Key patterns are pulled from the data using models designed by data scientists in collaboration with subject matter experts to generate prioritized lists of risks or tasks that enable on-site facility teams to fix or run assets differently, optimize manufacturing processes and improve safety — all from as far as 2,500 miles away.

Koch GP Collaboration Support Center AI

Employees Samuel Coyne and Roshan Shah study data collected from facilites in real time.

“We’re able to predict what failures are coming so we can go in and prevent them,” says John Champion, director of operations excellence for Georgia-Pacific's OSB/CP business. “It’s a lot easier to make a plan well in advance and have time to set up your precision maintenance tools versus have a failure take you down at 2 a.m. on a Saturday night.”

Over more than 20 years as a vibration analyst at Georgia-Pacific facilities, Joe Sadler has accumulated a tremendous amount of practical knowledge. He can quickly assess when a machine vibration signal is a simple faulty bearing or something that could be more repair-intensive. Today, he’s partnering with data scientists and IT personnel at the CSC, helping build better algorithms.

“Part of my role is to explain what they’re seeing on the math side, so they know what’s actually happening mechanically in the field,” Joe says.

A daily list might include suggestions for how to optimize energy sources or fixing something as simple as a fraying conveyor belt. For example, the CSC team uses AI to stop maintenance issues before they happen at Georgia-Pacific’s cellulose plant in Brunswick, Georgia. The sensors monitor data points, including vibrations, looking for patterns to help predict when equipment may be close to failing. That way, at-risk equipment can be examined and replaced if needed. 

Unsurprisingly, optimized, trouble-free facilities run more efficiently. The CSC team has analyzed data out of equipment that help power the manufacturing plants and partnered with facilities to optimize running conditions. These efforts achieved energy efficiencies that are getting noticed. For the third time, Koch has been named an ENERGY STAR® Partner of the Year.

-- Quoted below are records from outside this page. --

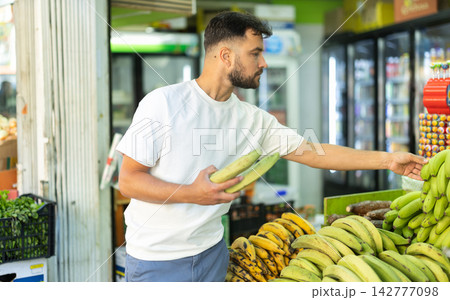 Man customer in supermarket search, choose cooking banana goods Man customer in supermarket search, choose cooking banana goods 142777098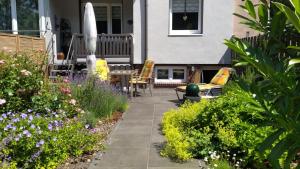 a patio with chairs and flowers on a house at Exclusives 110m2 Ferienhaus Inge mit Garten in Wilhelmshaven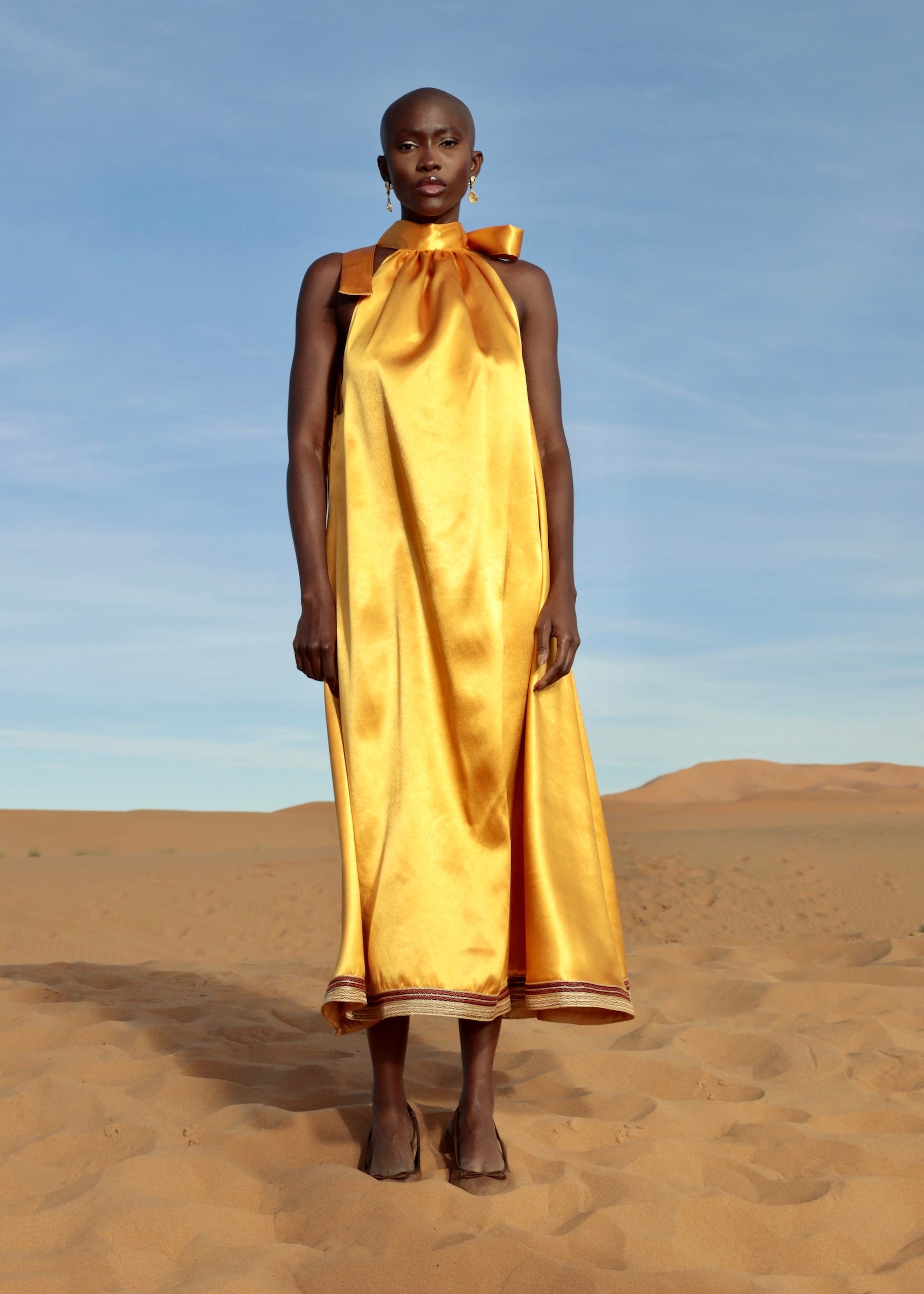 Orange duchesse satin dress embellished with handcrafted sfifa, front view.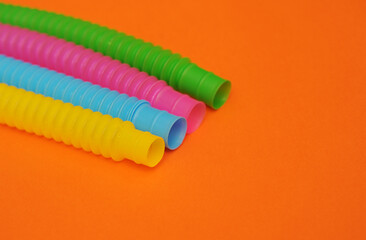 Colorful trendy toys pop tube on orange background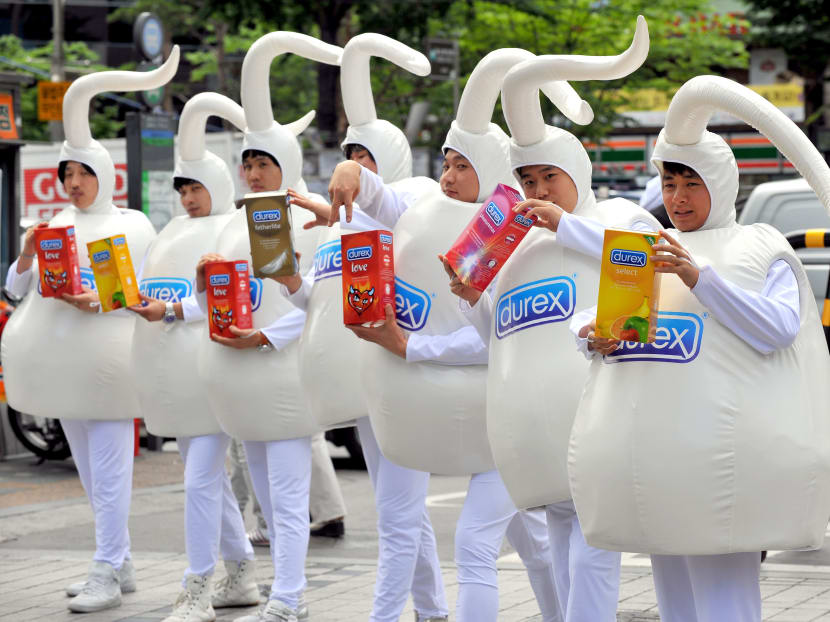 Men dressed as sperm. AFP file photo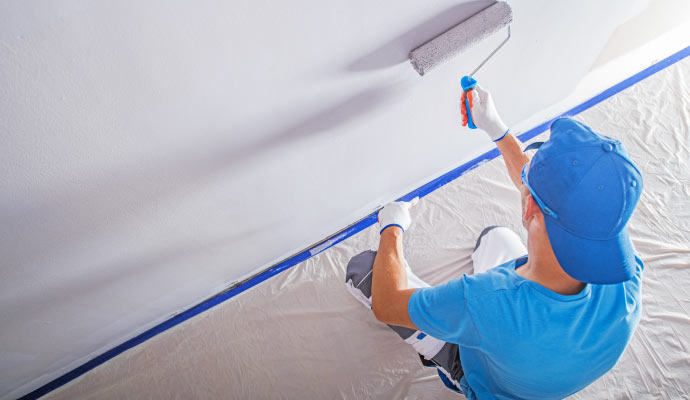 a person painting a interior wall of a room using a roller brush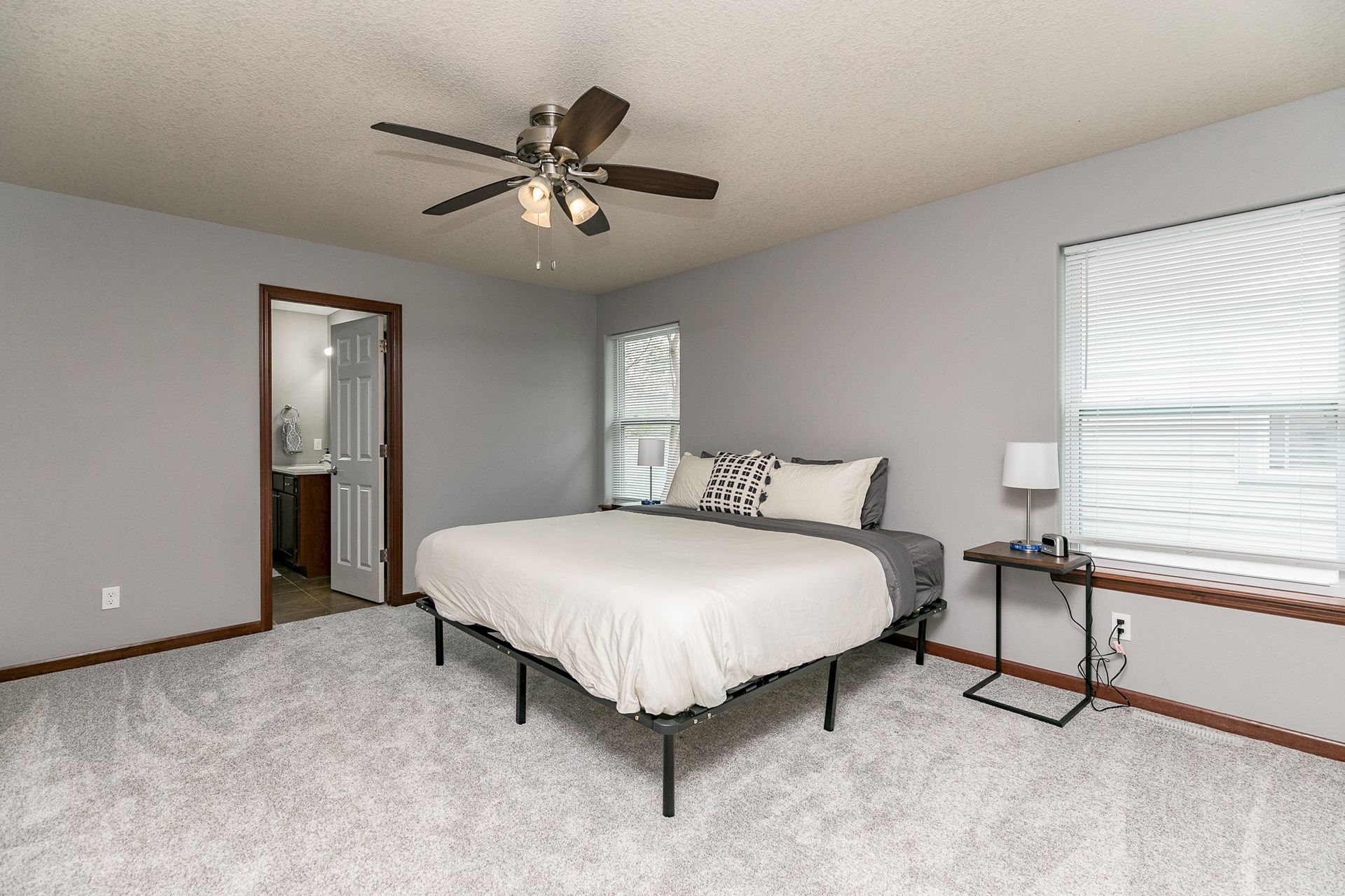 The Stadium House bedroom with fan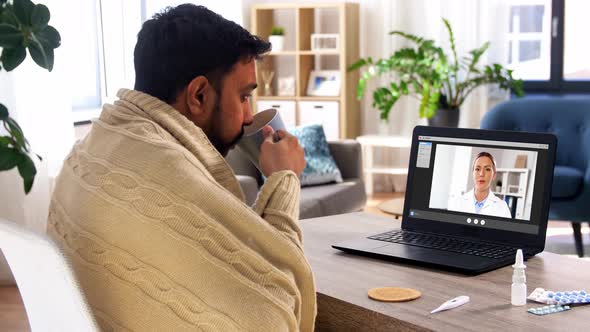 Sick Man Having Video Call with Doctor at Home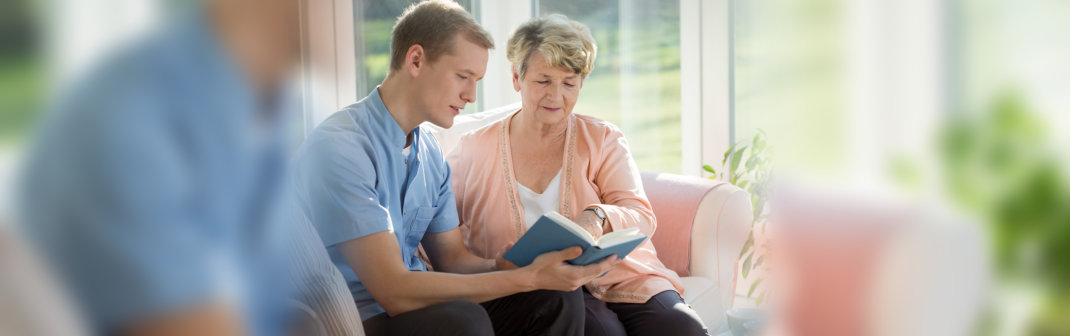 caregiver read a book to her patient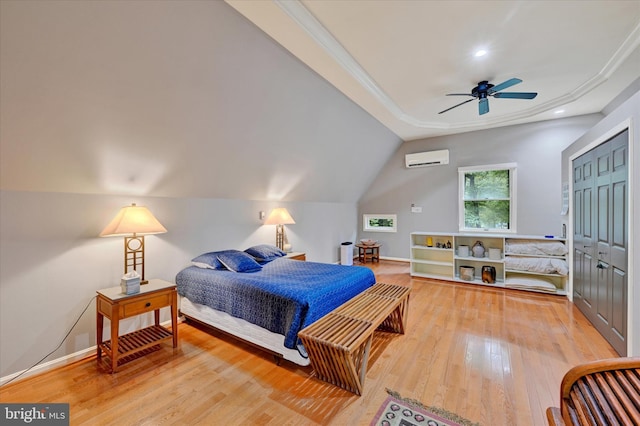 bedroom featuring a wall unit AC, ceiling fan, a closet, wood-type flooring, and crown molding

The award, which recognizes companies that perform at a superior level of energy management, is the Environmental Protection Agency’s highest recognition.

Georgia-Pacific

To help optimize operating, Charlie Kessler, a remote asset process engineer, and Ben Brannan, remote process engineer team lead, remotely analyze data out of equipment in manufacturing plants across the U.S. at the Georgia-Pacific Collaboration and Support Center. 

One of the CSC’s greatest contributions is that its work isn’t localized. It is tackling the big problems that affect multiple sites across the company. That vision has led to the CSC helping save Georgia-Pacific more than $150 million since it began.

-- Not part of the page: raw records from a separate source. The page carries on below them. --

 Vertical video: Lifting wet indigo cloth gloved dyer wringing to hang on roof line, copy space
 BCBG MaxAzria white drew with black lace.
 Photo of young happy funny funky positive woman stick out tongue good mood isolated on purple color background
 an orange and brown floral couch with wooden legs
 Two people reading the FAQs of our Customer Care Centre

By reducing the need for things like daily visual checks and manual vibration recordings, this cross-functional effort also is empowering people to move towards more fulfilling work, a big part of Koch’s Principle Based Management™ philosophy, which focuses on creating value through mutual benefit and empowering employees to transform and thrive.

Roshan Shah, VP of GP CSC

Roshan Shah inside the Georgia-Pacific Collaboration and Support Center.

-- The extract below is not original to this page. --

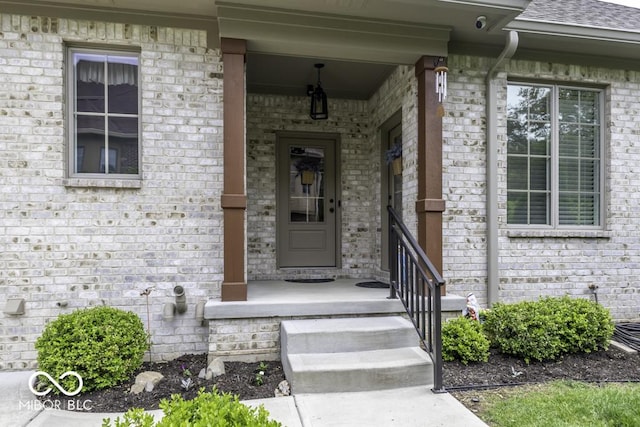 7648 Killarney Dr, Indianapolis, IN 46217 - doorway to property featuring brick siding and roof with shingles
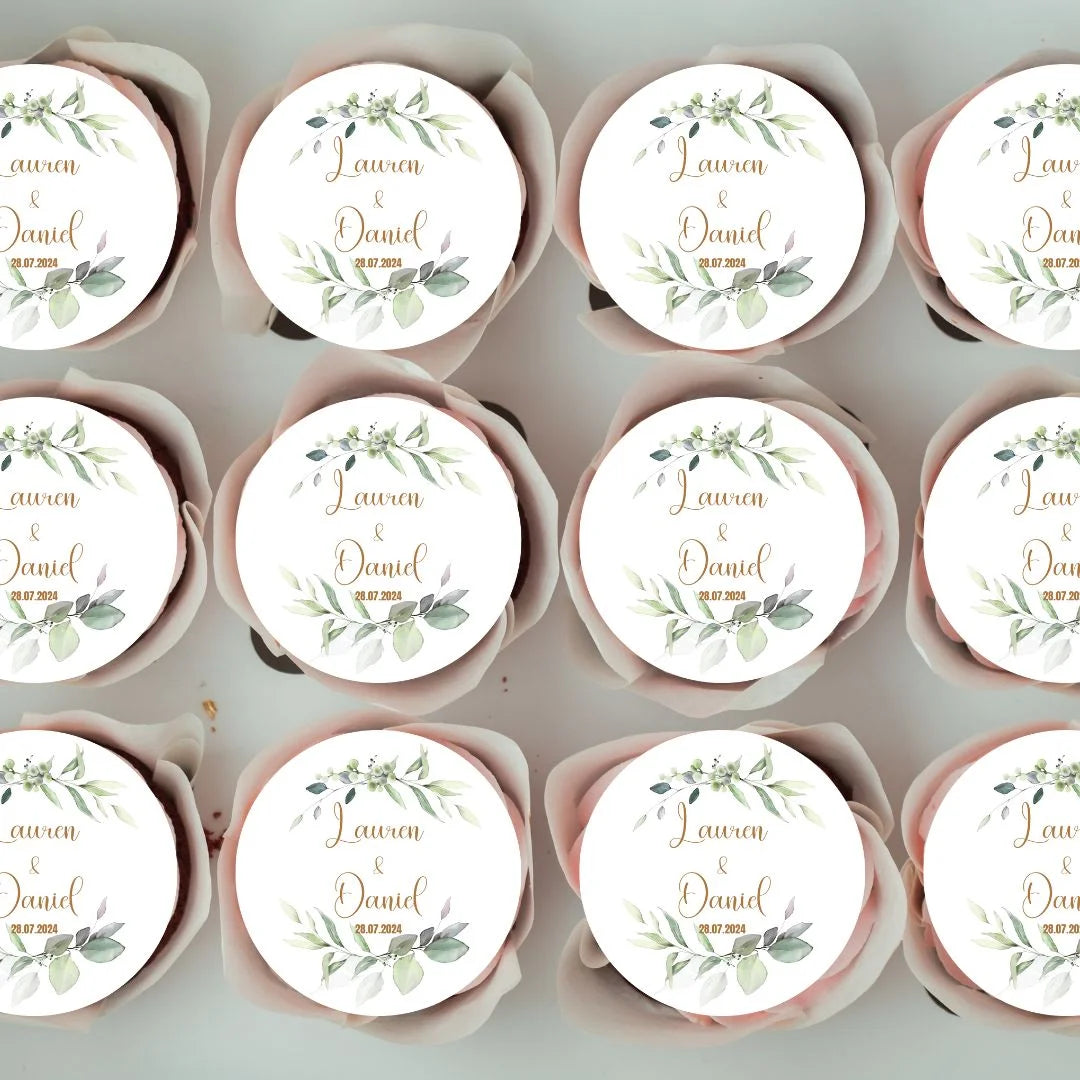 green foliage designed edible wafer disc with personalised name and date in gold lettering shown on cupcakes in a box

“At Koch, we are empowered and encouraged to discover our strengths,” Roshan says.

That’s a concept he’s more than familiar with. Roshan applied for a position on the decision analytics team at Georgia-Pacific in 2017 — from a cruise ship in the middle of the Atlantic Ocean. After just a year with Georgia-Pacific, Roshan's supervisor encouraged him to take on the leadership role with the CSC. The CSC’s mix of technology, engineering and data science capitalizes on Roshan's strengths and passions. He feels fortunate to work for a company that’s willing to take a chance on a new idea and give employees like him the opportunity to realize their potential.

“Now we don't just build formulas. We are part of the team that builds, maintains and constantly improves the math.  But more importantly, we are part of the team that owns the results – good and bad. So that's pretty cool,” Roshan says. “From a self-actualization standpoint, I couldn't ask for better. We're impacting productivity, environment, health and safety. This is a dream job.”